Biochemists are looking for molecules that can capture the free radicals and postpone ageing. Their first choice is to use naturally available antioxidants like vitamins C. The late Nobel laureate Linus Pauling recommended a regular intake of 18 grams of vitamin C every day for a long and healthy life. Synthetic drug molecules such as deprenyl are also being explored for antioxidant properties. There are other chemicals like phenyl butyl nytrone or PNB which can capture free radicals and arrest their reactivity.Human trails on PNB are being planned and scientists claim it may be available for treatment ijn a few year.
HEALTHY AGEING
Food, nutrition and environment play a major role in the process of ageing, according to most scientists at an recent international symposium on gerontology in New Delhi. Fresh vegetables, fruits, nuts and cereals provide sufficient vitamins to overcome the free radicals while certain fatty foods and deep fried meat can serve as breeding grounds for free radicals. Smoking and environmental pollutants can help generate free radicals.
Physical exercise has also emerged as imperative for going down smiling. Studies conducted by a Stanford University team led by James Fries suggest that jogging and regular aerobic exercises help keep a person physically fit in the later years of life. Similarly, the mental faculties of physically active oldsters tend to be sharper than in sedentary members of the same age group, according to a report published in January this year by C Cotman and his colleagues at the University of California.
Another promise for extended youth, although clouded in controversy, is growth hormones -- biochemicals secreted naturally by pituitary glands. According to Daniel Rudman, a US researcher on human growth hormones at the Veterans' Affairs Medical Center in Milwaukee, Wisconsin, people between 60 and 90 go through a phase called somatopause, after which growth hormones tail off dramatically, similar to the menopause. After somatopause, the lean body mass reduces while fat mass increases. This finding convinced Rudman to treat elderly people with growth hormones, and in 1990, he demonstrated an increase in lean tissue and reduction of fat in 21 healthy men aged over 60.
EQUIPPED TO KILL
Subsequently, in 1993, a Swedish team led by Bengtake Bengtsson at the University of Gothenburg reported that growth hormone-deficient adults who were treated with the hormone lost 30 per cent of their abdominal fat but only 13 per cent of peripheral fat. Douglas Crist, a physiologist at the University of New Mexico showed that the anatomies of people armed with the hormone are better equipped to kill cancer cells.

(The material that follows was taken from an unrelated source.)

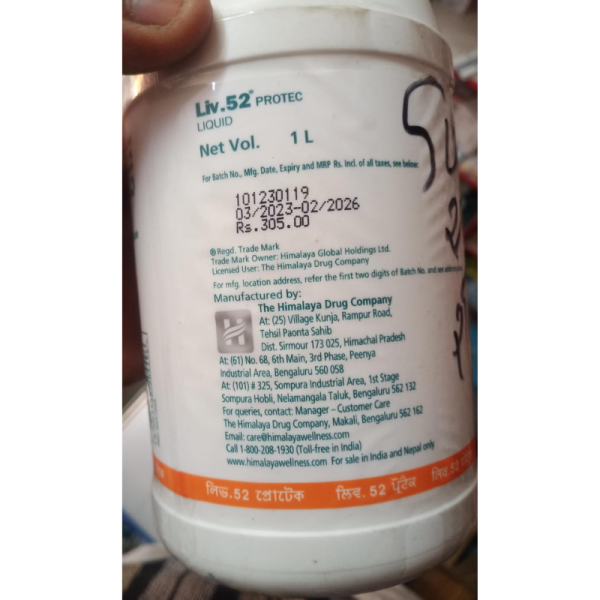 Liv. 52 Protec Liquid For Animals - Himalaya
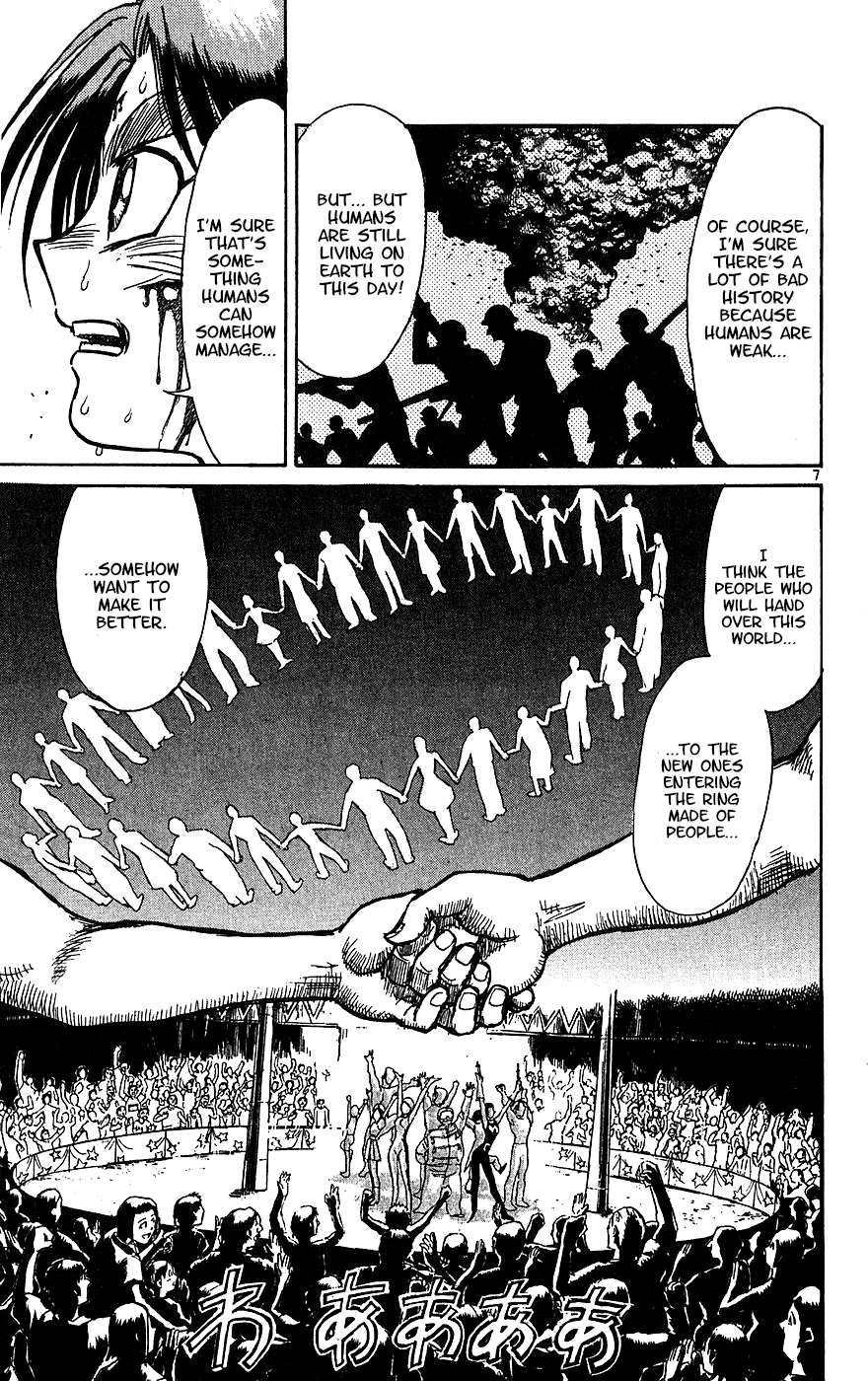 Karakuri Circus - Chapter 329: Main Part - Summer At Kuroga Village - Act 11: Into The Ring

Another anti-ageing pill which hit the news in January this year is dihydro-epi-androsterone (DHEA). A hormone secreted in large quantities by the adrenal glands at about 20 years of age, DHEA declines rapidly in over time. Samuel Yen at the University of California at San Diego found a correlation between low DHEA levels and death from cardiovascular diseases. The results of 2 separate trials on volunteers, conducted by Yen and French scientist Emile Baulieu, indicate potential applications of DHEA as an anti-ageing pill. But scepticism runs free at the National Institutes of Health and other medical centres in the US.
Rudman has already reported several side-effects of growth hormones: abnormal rise of blood sugar, enlargement of breasts and increased pressure on the nerves. Says Rudman, "We need many years to establish this treatment to be safe, logical and effective."

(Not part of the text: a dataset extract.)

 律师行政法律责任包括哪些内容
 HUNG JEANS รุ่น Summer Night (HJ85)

Other researchers are even more pessimistic. According to Marc Blackman, who heads gerontology at the Francis Scott Medical Center in Baltimore, big claims about growth hormones are yet to be substantiated. Andrew Hoffman at the Veterans' Affairs Medical Center at Palo Alto in California asks, "Does it make sense to give such a powerful hormone to people who are basically healthy unless the benefits are shown to outweigh the risks?"
A legal anti-ageing therapy seems nowhere near, since these issues need to be addressed before commercial exploitation of any new finding. "The uncritical adoption of the most recent therapies for elderly patients might sometimes do more harm than good," said British physician Q F W James at the World Gerontology Congress held in Budapest in July 1994. The congress placed greater emphasis on quality of life for the elderly rather than its duration. "It would yield benefits to society as the old population represents enormous intellectual potential," said Edit Beregi, president of the Congress.
Studies conducted worldwide indicate that retirement and loss of income and status lead to stress and frustration. Says P V Ramamurti, head of the Centre for Research on Ageing at Sree Venkateshwara University, Tirupati, "More than 2/3rds of elderly people in India are poor, and India cannot afford state care. Only income generation schemes could make them contribute their knowledge meaningfully. Family ties should be strengthened to alleviate feelings of loneliness."
It is many years still to paradise.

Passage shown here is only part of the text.